What Users Need to Know: Screen Captures

If you’re a member of the IT staff, and especially if you work as a Help desk technician, this conversation will almost certainly sound familiar:

User: I got an error message when I opened the accounting program.

IT Pro: What was the error message?

User: Something about an error.

Sigh. It rarely works to ask a user to repeat the steps that led to the error, then write down the message and call you back. Apparently, most users have a very small window of concentration--they write down the first few words of an error message and think, "That’s enough." Many times, users who manage to write down most (or all) of the text make errors in their notes (of course, the errors usually involve the Error Message Number for which you have documentation), or they tell you they can’t read their handwriting. For users, supplying information about errors to technical personnel falls in the “I Think That’s Close Enough” category of collecting information.

The best way to get a handle on an error message is to see it for yourself. You could travel to the user’s office, but it’s easier to have the user take a picture of the error message and send it to you via email, or print it and bring it to your desk. Here are some easy-to-follow instructions you can deliver to your users.

How to Capture a Picture of the Screen

You can capture a picture of your computer monitor and save or print the picture with a few simple mouse clicks.

1. To capture everything you see on the monitor, press the Print Screen button on your keyboard.

2. To capture a specific open window (such as an Error Message dialog box), click the window’s title bar to make sure it’s the active window, then hold down the Alt key while you press the Print Screen key.
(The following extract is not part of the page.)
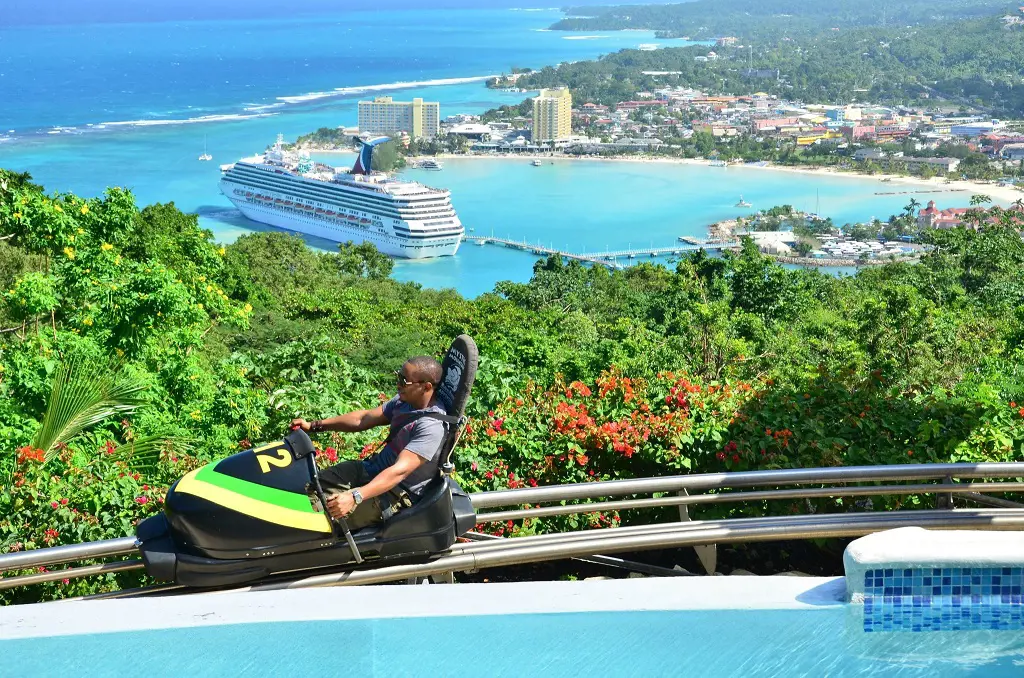 Riding the bobsled through the Ocho Rios city and coast view in Mystic Mountain Bobsled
3. When you press Print Screen, Windows doesn't respond and nothing will seem to happen. This is normal, so don't press Print Screen again. You have captured the picture and saved it to the computer’s memory.

4. Now that the picture is saved in memory, open a program that's capable of displaying a graphics file. Most people use Paint (to open Paint, choose Start, Programs, Accessories, Paint) or Microsoft Word.
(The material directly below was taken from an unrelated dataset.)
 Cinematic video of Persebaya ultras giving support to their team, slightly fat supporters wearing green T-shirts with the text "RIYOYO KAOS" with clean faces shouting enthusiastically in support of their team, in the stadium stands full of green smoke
5. In Paint (or Word), choose Edit, Paste.

6. The picture you captured opens and you can save it or print it.

Note that when you press the Print Screen key, the image is stored in memory via the Windows Clipboard, which will store only one set of data at a time. Therefore, if you need to capture more than one picture, you must go through all the steps to save or print the first graphic before you can capture the next one. In fact, if you use the Copy or Cut feature for anything at all (including text in a document or data on a Web page) after you've captured a screen, the new data will replace the screen capture. It’s also important to know that Windows doesn't save any data placed in the Windows Clipboard, so if you log off or restart the computer before you’ve pasted the data into a program that can display it, you'll lose that data.